When the experiments yielded promising results, they would immediately deploy the models to internal clients. This is the phase where they would expose the MVP with automation and structured engineering code put on top of the experiments they run.

“We are using the internal automation tools we already have to make it easy to show our model endpoints. We are doing this so clients can play with the service, exposing the model so they can decide whether it works for them. Internally, we called this service a ‘demo app’.”
— Paweł Pęczek, Machine Learning Engineer at Brainly

During the first iterations of their workflow, the team made an internal demo application that clients could connect to through code or a web UI (user interface) to see what kind of results they could expect from using the model. It was not a full-blown deployment in a production environment.

“Based on the demo app results, our clients and stakeholders decide whether or not to push a specific use case into advanced maturity levels. When the decision comes, the team is supposed to deploy the first mature or broad version of the solution, called ‘release one.’

On top of what we already have, we assembled automated training pipelines to train our model repetitively and execute the tasks seamlessly.”
— Paweł Pęczek, Machine Learning Engineer at Brainly

MLOps level 1: Production deployment with training pipelines

As the workflows for experimentation and deployment got better and became standard for each team, they shifted their focus to ensuring they had a good approach to re-training their model when new data arrived.

The use cases evolved eventually, and as the amount of new data exploded, the team switched to a data-centric AI approach, focusing on collecting datasets and constantly pushing them into pipelines instead of trying to make the models perfect or doing too much research.

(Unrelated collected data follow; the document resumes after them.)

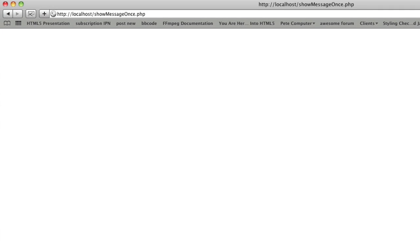Hey guys, someone suggested a tutorial and I thought it was a pretty interesting one. It's how to show a message only once to a user. Since I'm just showing you one way of doing it, we're going to be doing it based off IP address, not actual user accounts. So let's go through IP addresses.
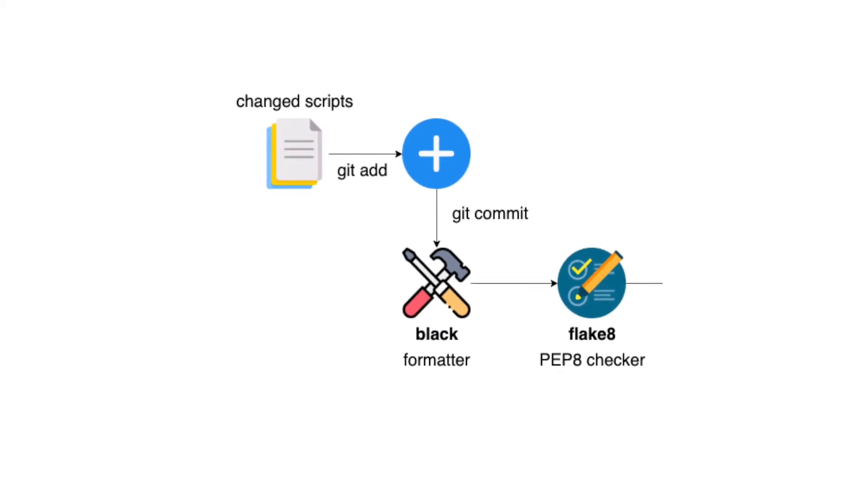Flake8 is a Python tool that checks the style and quality of your Python code. It checks for various issues not covered by black. To install Flake8, type pip install flake8.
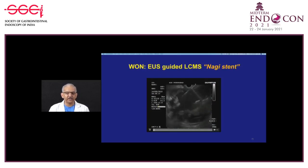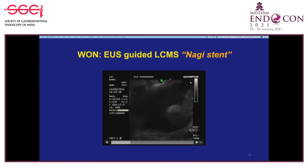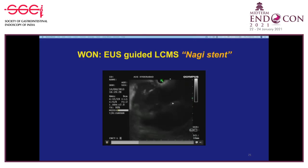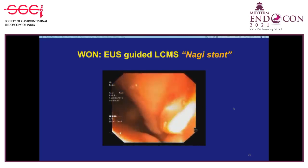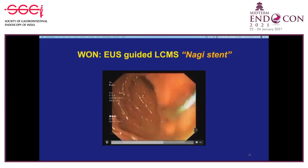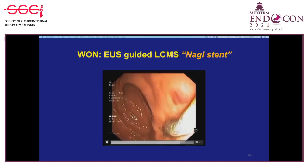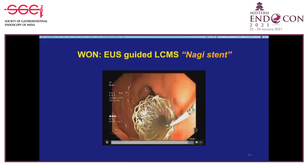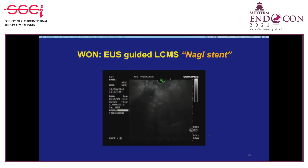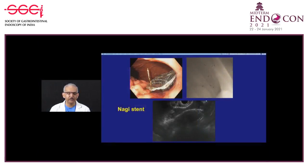For Nagi stent placement, the initial steps remain the same: puncture, pass the guide wire, pass the cystotome, and pass a small caliber balloon (4 or 6 mm) to dilate the path so the 10.5 French assembly slides in easily. Once the stent is inside, deployment is done partly under endoscopic view and partly under EUS view—gastric side deployed first, then confirming nice position of the inner end. These stents expand over two to three days to their intended diameter; 16 mm is the largest caliber available.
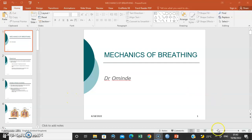Hello, my name is Dr. Ominde and in this lecture series, I'm going to discuss the mechanics of breathing.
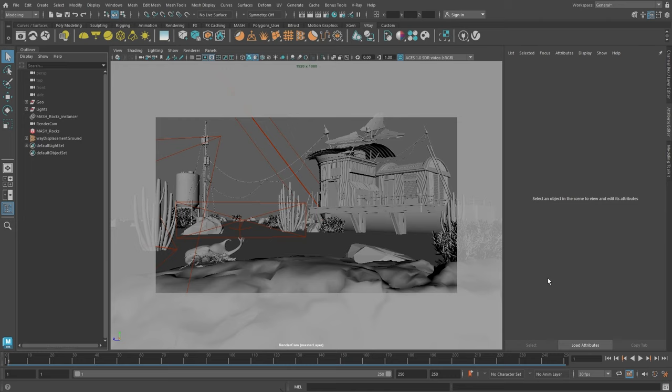Hello, and welcome to our Beginners series for V-Ray for Maya. In this video, we are going to take a look at the rendering process for animations. Take a moment to download our project files linked in the video description so you can explore the scene in your own time.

Because speed was important in their culture, they were expected to use automated tools to send full deployments to the production environment. With these tools, they could do things like:

Trigger pipelines that embedded models as a service
Verify that the model’s quality did not degrade compared to what they saw during training

“We expose our services to the production environment and enable monitoring to make sure that, over time, we can observe what happens. This is something we call MLOps maturity level one (1).”
— Paweł Pęczek, Machine Learning Engineer at Brainly

The goal of working at this level is to ensure that the model is of the highest quality and to eliminate any problems that could arise early during development. They also need to monitor and see changes in the data distribution (data drift, concept drift, etc.) while the services run.

MLOps level 2: Closing the active learning loop

MLOps level two (2) was the next maturity level they needed to reach. At this level, they would move the model to a more mature level where they could close the active learning loop if it proved to have a good return on investment (ROI) or was needed for other reasons related to their KPIs and the vision of the stakeholders.

They would continually create larger and better data sets by automatically extracting data from the production environment, cleaning it up, and, if necessary, sending it to a labeling service. These datasets would go into the training pipelines they have already set up. They would also implement more extensive monitoring with better reports sent out daily to ensure that everything is in order.

Machine learning workflow of the Visual Search team

Here’s a high-level overview of the typical ML workflow on the team:

First, they would pull raw data from the producers (events, user actions in the app, etc.) into their development environment
Next, they would manipulate the data, for instance, by modulating the filter and preprocessing it into the required formats
Depending on how developed the solution was, they would label the datasets, train the models using the training pipeline, or leave them as research models

brainly machine learning — *Brainly’s Machine Learning Workflow*

“When our model is ready, we usually evaluate it. Once approved, we start an automated deployment pipeline and check again to ensure the model quality is good and to see if the service guarantees the same model quality measured during training. If that’s the case, we simply deploy the service and monitor to see if something is not working as expected. We validate the problem and act upon it to make it better.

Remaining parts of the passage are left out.